Saved data entries
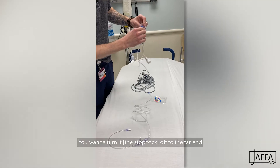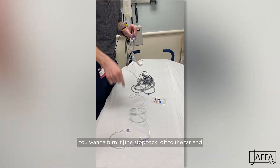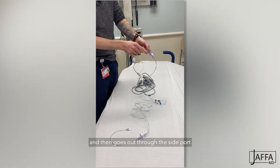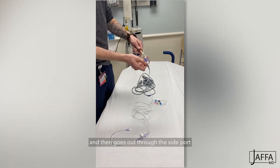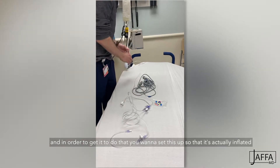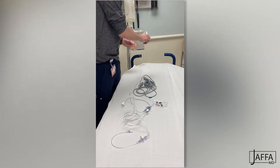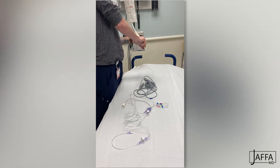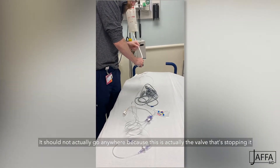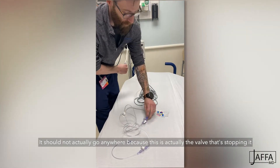So you take that cap off. You want to turn it off to the far end so that the bag is connected through that three-way and then goes out through the side port. In order to get it to do that, you want to set this up so that it's actually inflated. And it should not actually go anywhere because this is the valve that's stopping it.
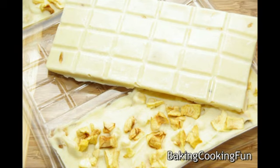Sprinkle the rest of the apples on top and push them in slightly so they stick. Let it cool down in the fridge or in a cold room. Hope you enjoy them!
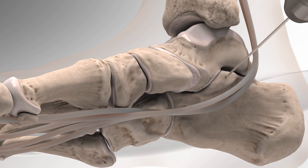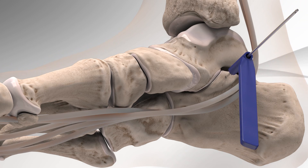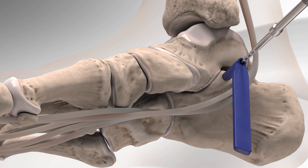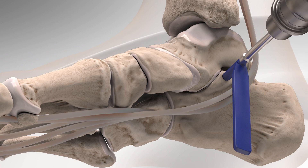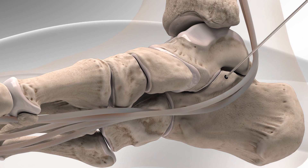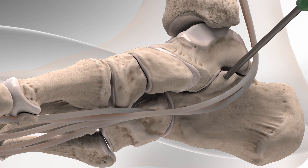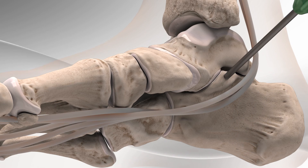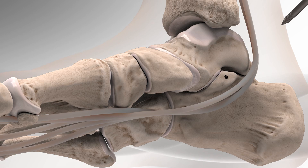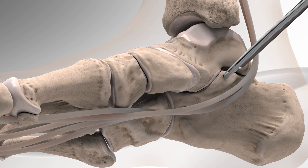Next, the surgeon will create a bone tunnel by drilling into the sustentaculum tali of the calcaneus using a guide wire and drill guide. The bone tunnel is made in the calcaneus to prepare for a swivel lock suture anchor loaded with fiber tape. The swivel lock anchor is then screwed into place.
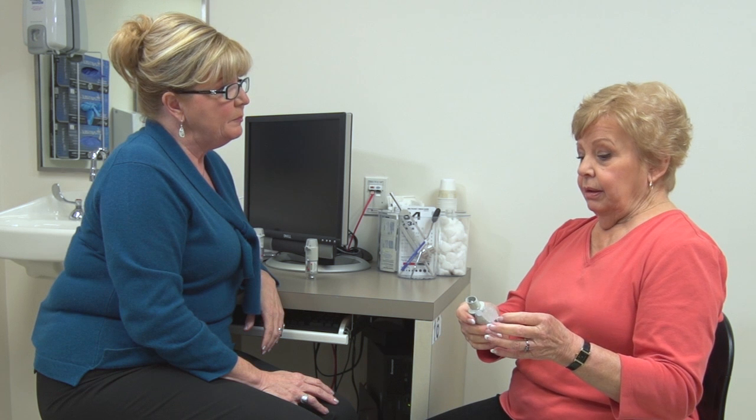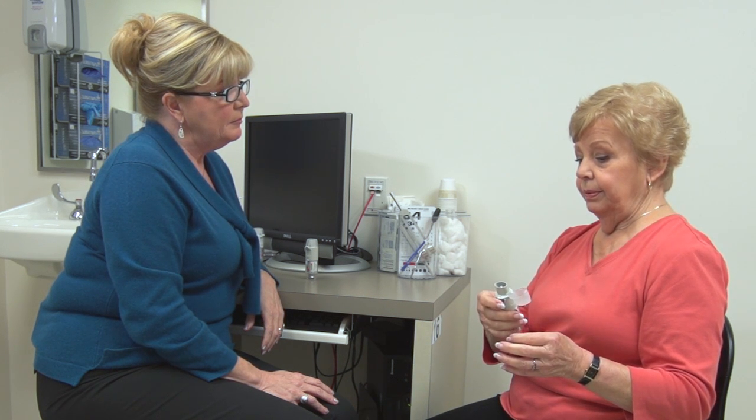The patient demonstrates priming the device correctly. It's very important to provide feedback to the patient so that she learns to use the device correctly. Notice that Mary does not tell Mrs. Ryan the next steps — instead, she waits patiently while Mrs. Ryan recalls each step and provides feedback throughout the process. Mrs. Ryan then twists to load the dose, opens the cap, exhales, inhales the medication slowly and deeply, and holds her breath. Mary affirms: 'Good job.'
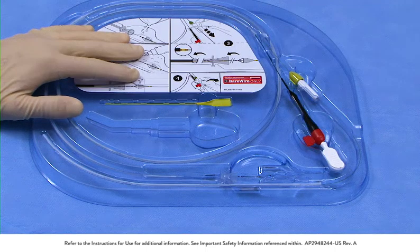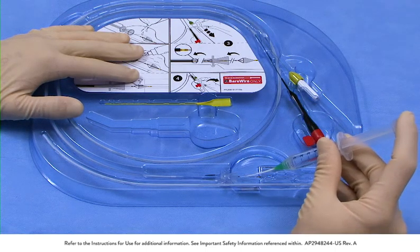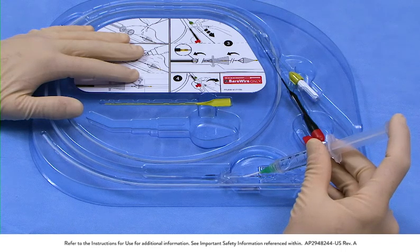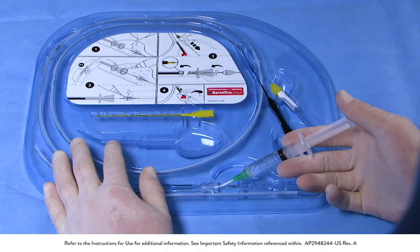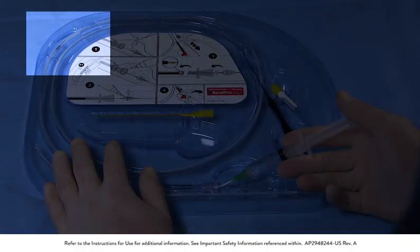To flush the delivery catheter, push the white flushing tip into the core of the loading funnel until it engages the internal diameter of the funnel. Flush the catheter lumen until heparinized normal saline can be seen exiting at the rapid exchange exit port.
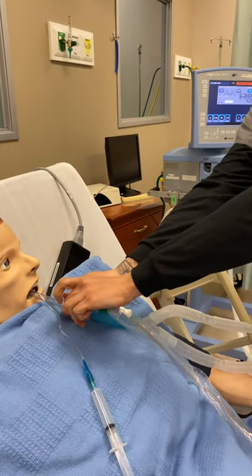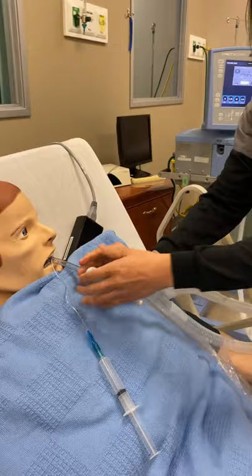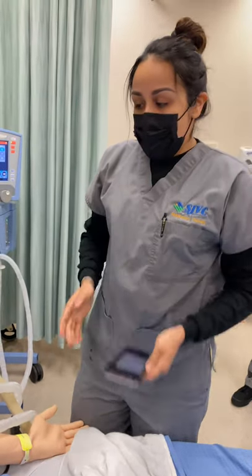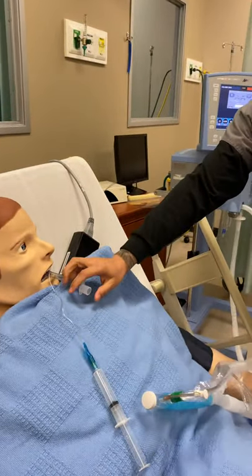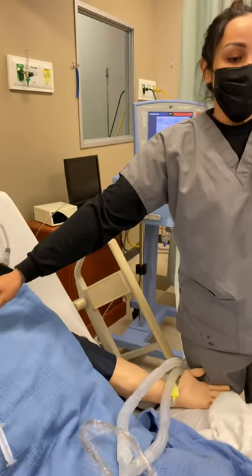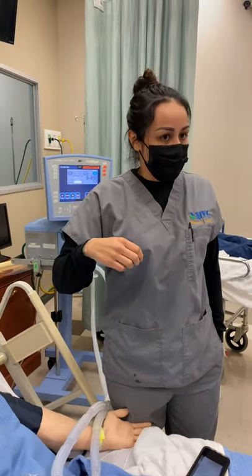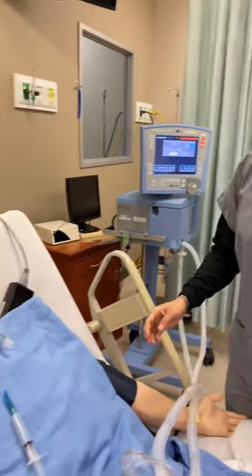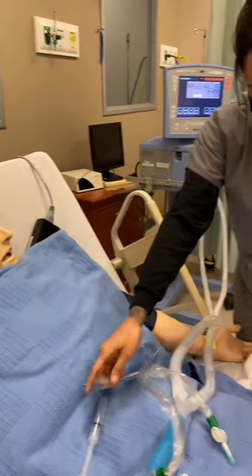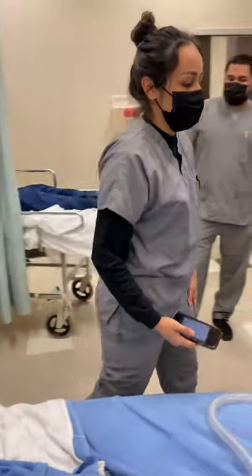I skipped that step — so go ahead and tell him to inhale while you're occluding. Go ahead and inhale. Then after you confirm that it's good and you don't hear any inflammation or anything, this is the point where you're going to ask the patient to inhale. At the peak of inspiration, go ahead and pull it out — the cuff is already deflated. Go ahead and breathe all the way in. I'm going to take it out. And then at this point, I'll go ahead and attach the oxygen.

* Task goal *
Repeat the records above exactly. Pictures do not belong in the copy.

* Solution below *
So you take that cap off. You want to turn it off to the far end so that the bag is connected through that three-way and then goes out through the side port. In order to get it to do that, you want to set this up so that it's actually inflated. And it should not actually go anywhere because this is the valve that's stopping it.
Sprinkle the rest of the apples on top and push them in slightly so they stick. Let it cool down in the fridge or in a cold room. Hope you enjoy them!
Next, the surgeon will create a bone tunnel by drilling into the sustentaculum tali of the calcaneus using a guide wire and drill guide. The bone tunnel is made in the calcaneus to prepare for a swivel lock suture anchor loaded with fiber tape. The swivel lock anchor is then screwed into place.
The patient demonstrates priming the device correctly. It's very important to provide feedback to the patient so that she learns to use the device correctly. Notice that Mary does not tell Mrs. Ryan the next steps — instead, she waits patiently while Mrs. Ryan recalls each step and provides feedback throughout the process. Mrs. Ryan then twists to load the dose, opens the cap, exhales, inhales the medication slowly and deeply, and holds her breath. Mary affirms: 'Good job.'
To flush the delivery catheter, push the white flushing tip into the core of the loading funnel until it engages the internal diameter of the funnel. Flush the catheter lumen until heparinized normal saline can be seen exiting at the rapid exchange exit port.
I skipped that step — so go ahead and tell him to inhale while you're occluding. Go ahead and inhale. Then after you confirm that it's good and you don't hear any inflammation or anything, this is the point where you're going to ask the patient to inhale. At the peak of inspiration, go ahead and pull it out — the cuff is already deflated. Go ahead and breathe all the way in. I'm going to take it out. And then at this point, I'll go ahead and attach the oxygen.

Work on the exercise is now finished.